Charles Bukowski, Mujeres.

“Sí; enamorarse es un talento maravilloso que algunas criaturas poseen, como el don de hacer versos, como el espíritu de sacrificio, como la inspiración melódica, como la valentía personal, como el saber mandar.”

Ortega y Gasset, Sobre el amor

Es muy probable que muchas de las cosas que vaya a mencionar a continuación ya hayan sido dichas por otros pensadores. Han sido muchos los que lo han intentado y alguno pudo anticiparse a lo que ahora menciono. La verdad es que me importa bien poco. Mi única pretensión es intentar poner en orden una serie de ideas que tengo con respecto a ese objeto tan aterrador como placentero al que el mundo ha decido dar el nombre de amor. Y cuando hablo aquí de amor, quiero hablar del amor de pareja, no el que se siente por un hijo o por un amigo.

He de comenzar diciendo que el amor no existe, y si existe lo hace en igual medida en que las personas creen que Dios existe. Tanto el sentimiento de magnanimidad que tiene cierta gente hacia un dios, como el de amor que proyectamos hacia una persona, requieren de un acto de fe. Se nutren de la creencia de que ese sentimiento que vive en sus corazones es verdadero. Lo cierto es que tanto el hecho religioso, como el amoroso pertenecen al terreno de lo subjetivo. Cuando queremos expresar lo que sentimos nos encontramos con una barrera lingüística; una incapacidad expresiva. El amor —al igual que la fe, la justicia, la verdad— es un concepto metafísico. ¿Alguien ha visto el amor? ¿A qué sabe? ¿Cuál es su textura? No, el amor no pertenece al mundo físico, sino al que está más allá del terreno tangible y, por tanto, es inefable. En otras palabras, rebasa nuestros límites del lenguaje. Y ahí donde el lenguaje abre sus fronteras, impone también unos límites insalvables al conocimiento. ¿Cómo saber que eso a lo que todo mundo llama “amor” es lo que estoy sintiendo? En esta materia nunca habrá certezas, sólo incertidumbre, dudas y, si cabe, esperanza (¿no es acaso esto lo que probablemente debe vivir la gente con referencia a Dios?).

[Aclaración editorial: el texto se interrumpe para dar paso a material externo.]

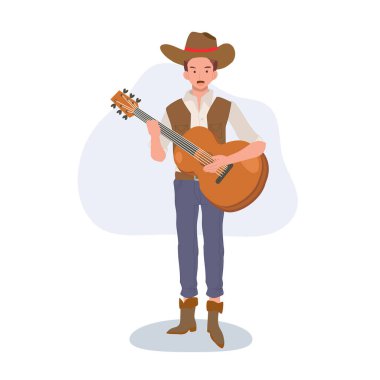 Batı tarzında Gitar Çalan Uzun Boylu Çizgi Kovboy. Düz vektör çizgi film karakteri çizimi.
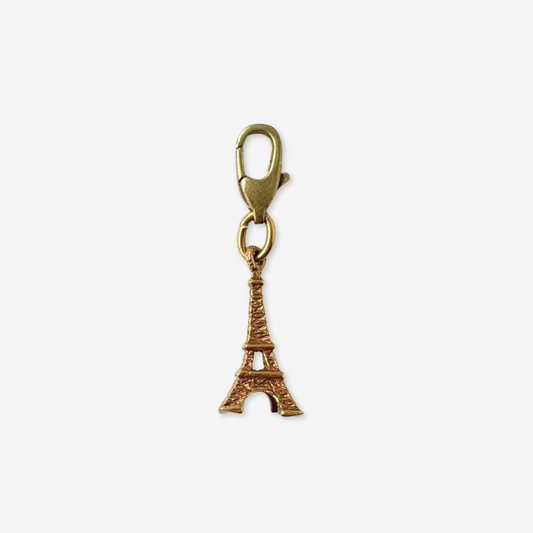 Small vintage gold tone Eiffel tower charm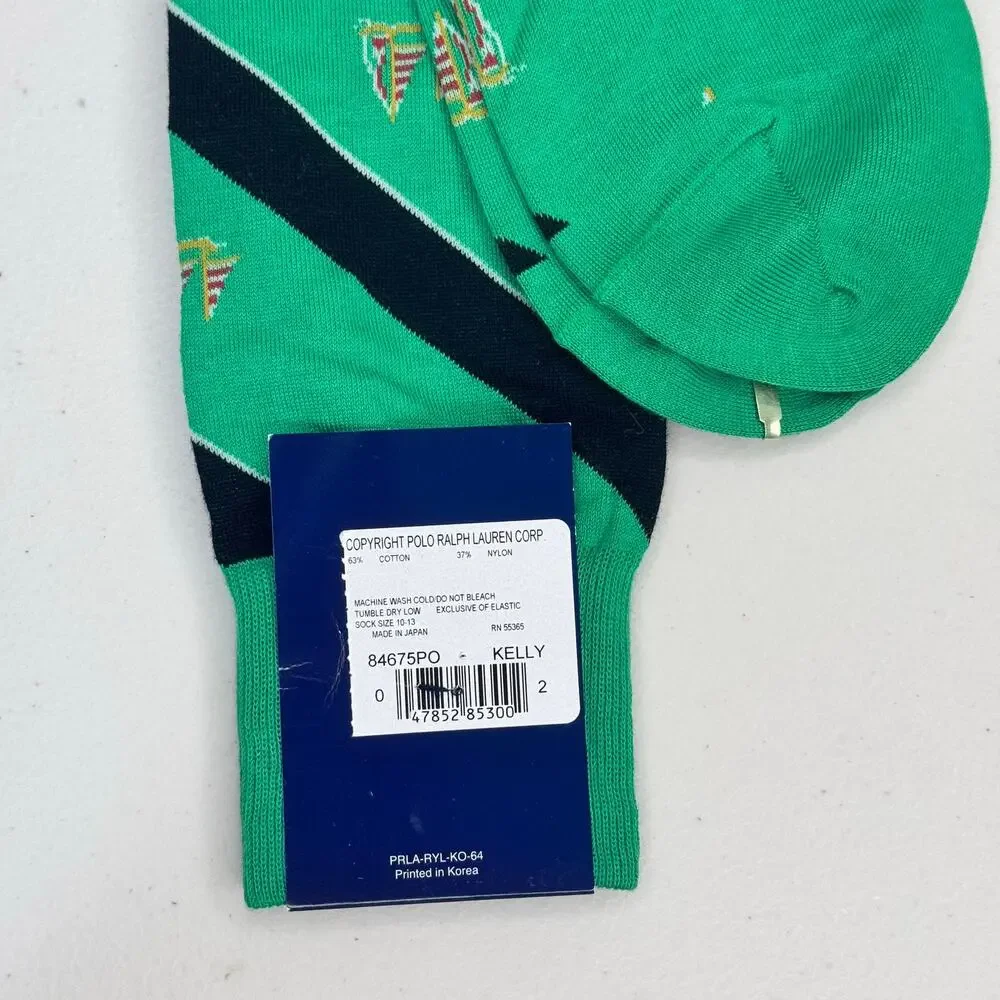 Polo Ralph Lauren Green Dress Socks Black Striped Sailboat Pattern Cotton Blend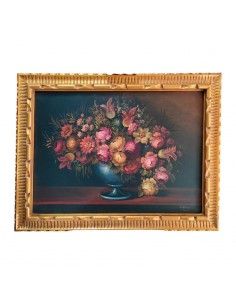 CUADRO ANTIGUO FLORES 77x99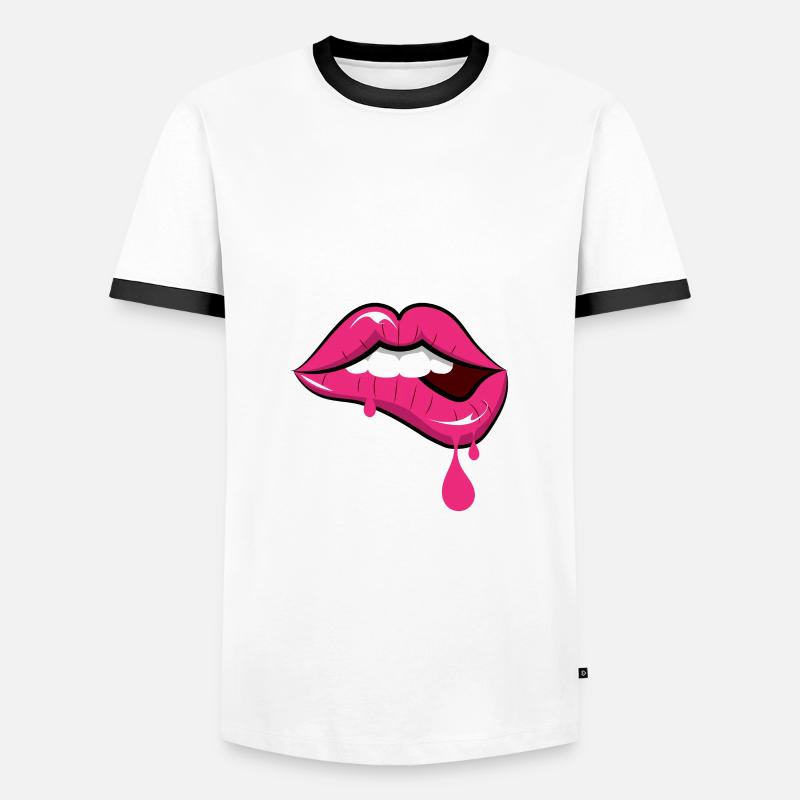 Regenbogen, Botox, Glossy, Lipgloss, Schleimig - Männer Kontrast-T-Shirt - Weiß/Schwarz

El poeta Oscar Pirot escribió en su primera antología poética (e inédita):

Nadie

Nadie lleva mi nombre entre sus labios

ni yo llevo algún otro más que el mío

nadie penetra mi carne

ni utiliza los poros

que me duelen.

Nadie pronuncia

estas palabras paralíticas

ni ocupa el mismo verso repetido.

Nadie deja su mano entre la mía

Después de estrecharla con mis huesos

Esta lejanía de mi cuerpo

sobre todas las cosas en el mundo,

este estar tan lejos de los hombres

como un barco enamorado de las olas,

esta jaula de recuerdos en mi mente

viajando hacia el pasado entre fantasmas…,

me dicen que siempre estoy solo.

[…]

El sentimiento de amor es algo muy personal y no puede medirse. Le decimos a nuestro ser amado que es la persona a quien más hemos querido. Años más adelante, una vez terminada esa relación, cuando verbalizamos de nuevo ese amor a otra persona de turno, repetimos esas mismas palabras, pensando que antes estábamos equivocados, que es a este nuevo individuo al que realmente amamos. No somos capaces siquiera de medir lo que sentimos; no sabemos la toda la potencia que existe en nosotros para proyectar ese amor. ¿Cómo pretendemos saber lo que es el amor para los otros? ¿Cómo saber que el amor es recíproco? Más adelante, en el mismo poema, Oscar Pirot dice:

Nadie juega en su boca con mi lengua,

nadie mira las estrellas con mis ojos.

[…]

Soy ante todo nadie,

tan sólo yo conmigo mismo.

Sin embargo, es innegable que existen una serie de emociones que nos afligen y nos regocijan, nos humillan y nos enardecen. En otras palabras, aquello a lo que equivocadamente llamamos amor—porque hemos dicho que no tenemos certeza como para poder encasillarlo en un concepto concreto—tiene una influencia en nuestro espíritu (si es que podemos llamar a nuestro “yo interior” también de alguna forma que no sea completamente difusa). Esto me recuerda ese antiguo proverbio que trata de brindar luz a esta problemática:

Si te gusta alguien por su físico es deseo.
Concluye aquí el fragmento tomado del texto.